Berlik is what George Neureuther, breakfast coordinator at The Gathering, calls a guest volunteer – someone who benefitted from the services The Gathering provides and now comes back to volunteer.
“For some of them, it’s a way to say thank you. For some of them, it’s a way to keep busy because they don’t have a job. And for some, it’s that social aspect … We have some that are here every day of the week; some put in five hours a day. I joke that some of the volunteers actually work more hours here than I do, and it’s pretty much true,” Neureuther said.
After talking with Neureuther over lunch a few times, Berlik decided to volunteer.
Recalling when he first came to The Gathering, Berlik said that he’d needed help before, “but this was the first time I’ve actually come to a place where they serve food for homeless people. I think at that point in your life, everything is so topsy-turvy that nothing really matters,” Berlik said.
According to Neureuther, 65 to 70 percent of the guests at The Gathering are homeless. They may be staying at a rescue mission, or on a friend’s couch or living outside. Neureuther said that most of the people who visit lack education, suffer from addiction, have been incarcerated or have a mental illness.
“For the majority of the guests, you can drive down Wisconsin Ave. and you wouldn’t know [that they are homeless] …We often think of the homeless as tired old grumpy people that are not very clean, and there are some like that, but the majority of them are just trying to get by in life like the rest of us,” Neureuther said.
According to the U.S. Census Bureau and the Hunger Task Force, an average of 20.9 percent of people in Milwaukee lived below the poverty level from 2008 to 2012. As of March, The Gathering had served 20,719 meals in 2014 a small increase from past years, according to Neureuther.
Rachel Sommers, 41, a volunteer at The Gathering for about a year, said summer is the busiest season at The Gathering, due to the nice weather and the fact that kids stop getting meals at school. She thinks homelessness and hunger in the city of Milwaukee are getting worse.

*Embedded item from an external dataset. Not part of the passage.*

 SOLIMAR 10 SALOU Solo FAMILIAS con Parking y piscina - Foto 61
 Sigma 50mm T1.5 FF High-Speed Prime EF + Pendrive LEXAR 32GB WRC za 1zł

“Every time I go outside I see familiar faces … And I think sometimes people ignore that. That’s why I like coming here and paying attention to these people and giving them my time and talking to them, because that’s what they need. They’re human, too,” Sommers said.
Neureuther said volunteers talk to the guests, joke around with them, and help them have a good time at The Gathering.
“It’s very tough for a person to first start coming here and to have to say, ‘You know what, I can’t afford to support myself,’ so that’s why I like to use humor. It’s huge here,” Neureuther said. “Making them laugh and making them happy is just what they need. We don’t need to feel sorry for them.”
Berlik said the volunteers and guests of The Gathering make it a great place.
“It’s a really a cool group of people. We’re pretty much all in the same boat, I guess,” Berlik said. “The guests are awesome, and every volunteer has a good heart … I’m just glad this place is here.”